Problem to work on –
Pull out all lines from the listing below in which the word "Avda" appears.

_ _ _ _

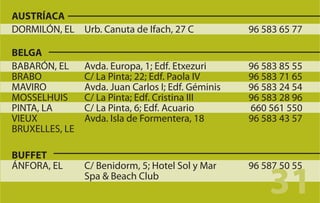 AUSTRÍACA
DORMILÓN, EL Urb. Canuta de Ifach, 27 C             96 583 65 77

BELGA
BABARÓN, EL     Avda. Europa, 1; Edf. Etxezuri      96 583 85 55
BRABO           C/ La Pinta; 22; Edf. Paola IV      96 583 71 65
MAVIRO          Avda. Juan Carlos I; Edf. Géminis   96 583 24 54
MOSSELHUIS      C/ La Pinta; Edf. Cristina III      96 583 28 96
PINTA, LA       C/ La Pinta, 6; Edf. Acuario        660 561 550
VIEUX           Avda. Isla de Formentera, 18        96 583 43 57
BRUXELLES, LE

BUFFET


                                                        31
ÁNFORA, EL      C/ Benidorm, 5; Hotel Sol y Mar     96 587 50 55
                Spa & Beach Club
 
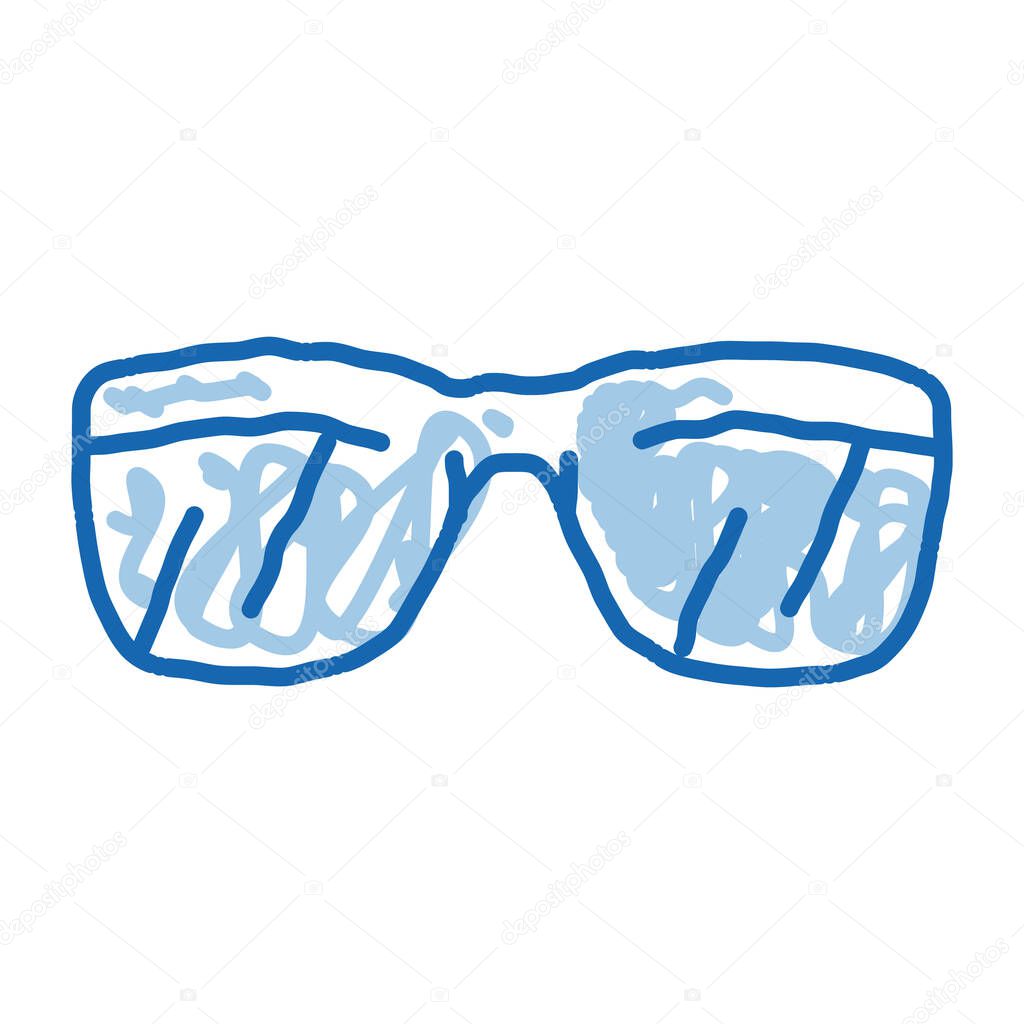 Sunglasses sketch icon vector. Hand drawn blue doodle line art Sunglasses sign. isolated symbol illustration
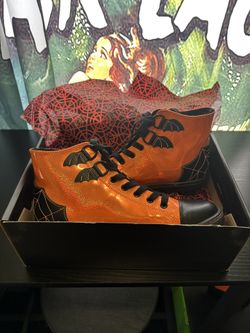 Chelsea Orange Metallic Halloween High Tops by STRANGECVLT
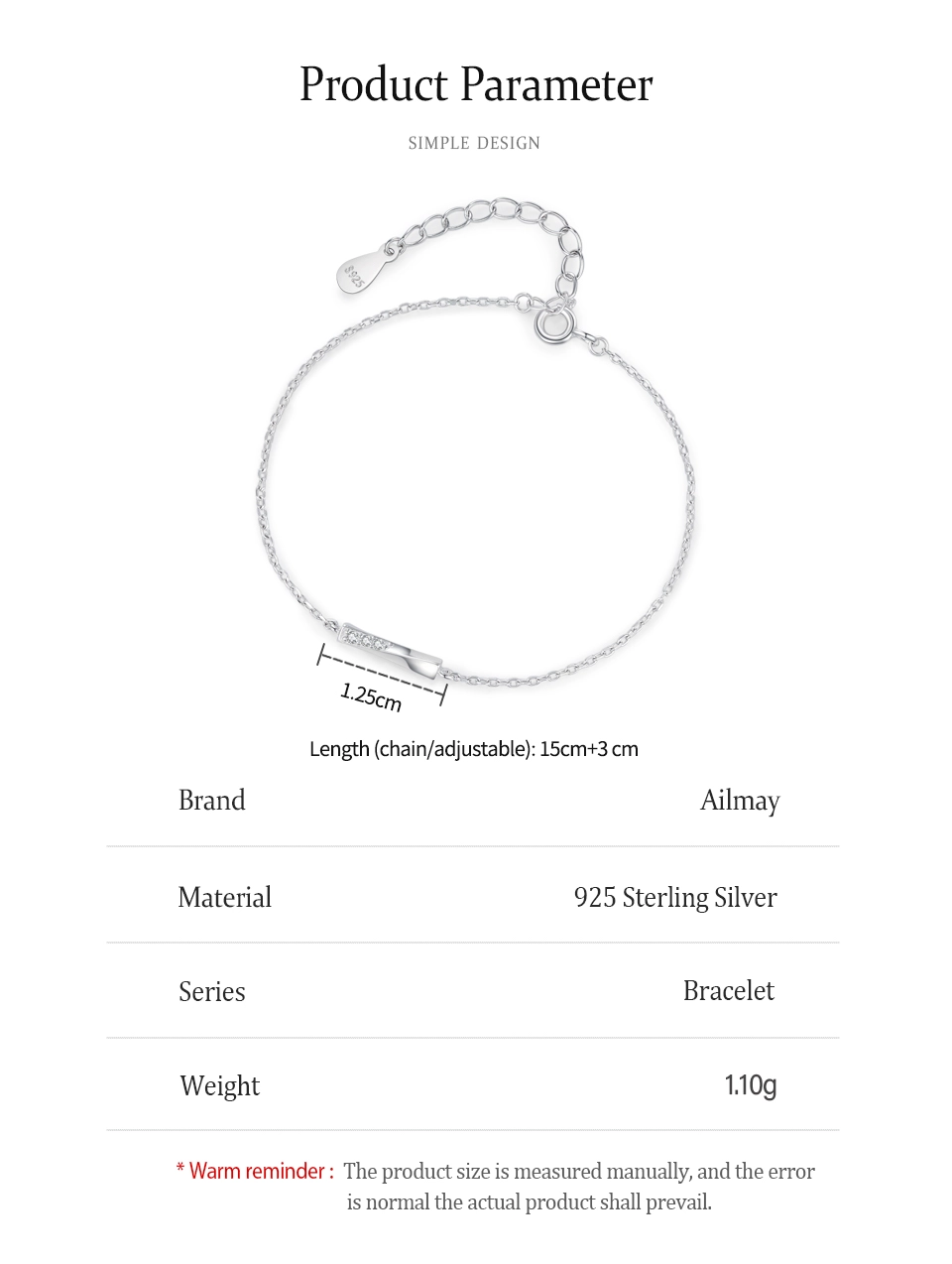Simple Rectangle Chain Bracelet 925 Sterling Silver
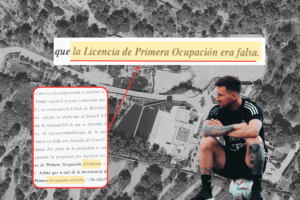 Fragmento de la investigación, Messi sentado y de fondo su mansión en Ibiza.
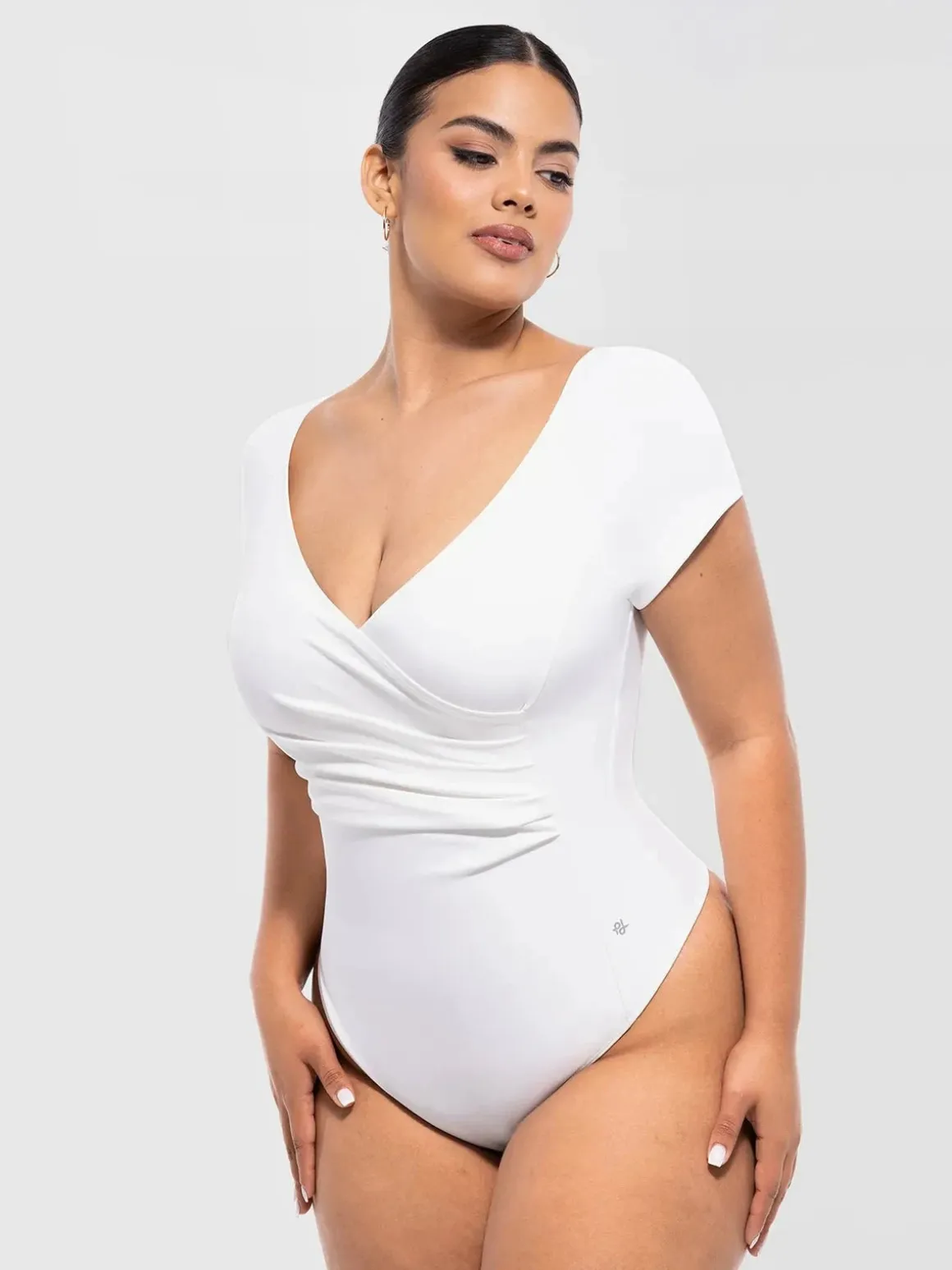 Shapewear Portrait Neckline Draped Sculpting Bodysuit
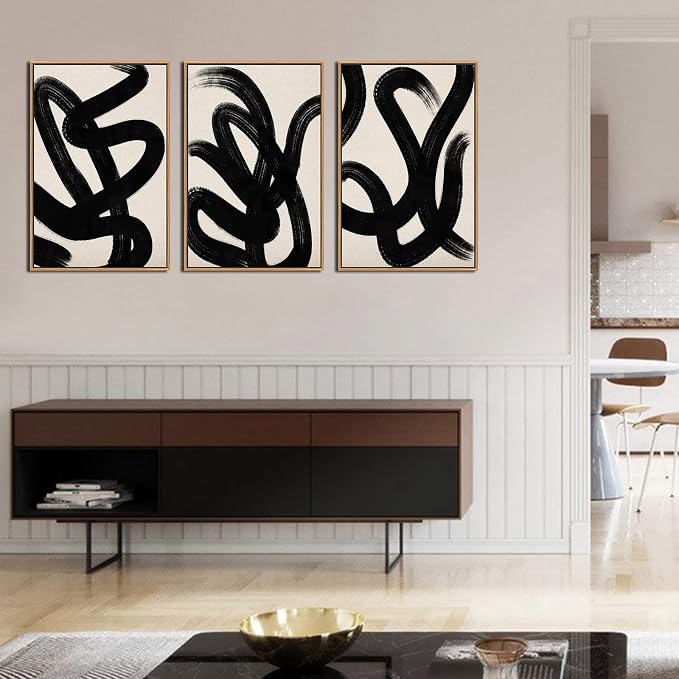 arteWOODS Framed Wall Art Canvas Abstract Lines Pictures Modern Mid Century Boho Wall Decor Minimalist Abstract Black Stroke Lines Painting Artwork Living Room Bedroom Home Office Natural 16"x24"x3pc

_ _ _ _

The completed task –
BABARÓN, EL     Avda. Europa, 1; Edf. Etxezuri      96 583 85 55
MAVIRO          Avda. Juan Carlos I; Edf. Géminis   96 583 24 54
VIEUX           Avda. Isla de Formentera, 18        96 583 43 57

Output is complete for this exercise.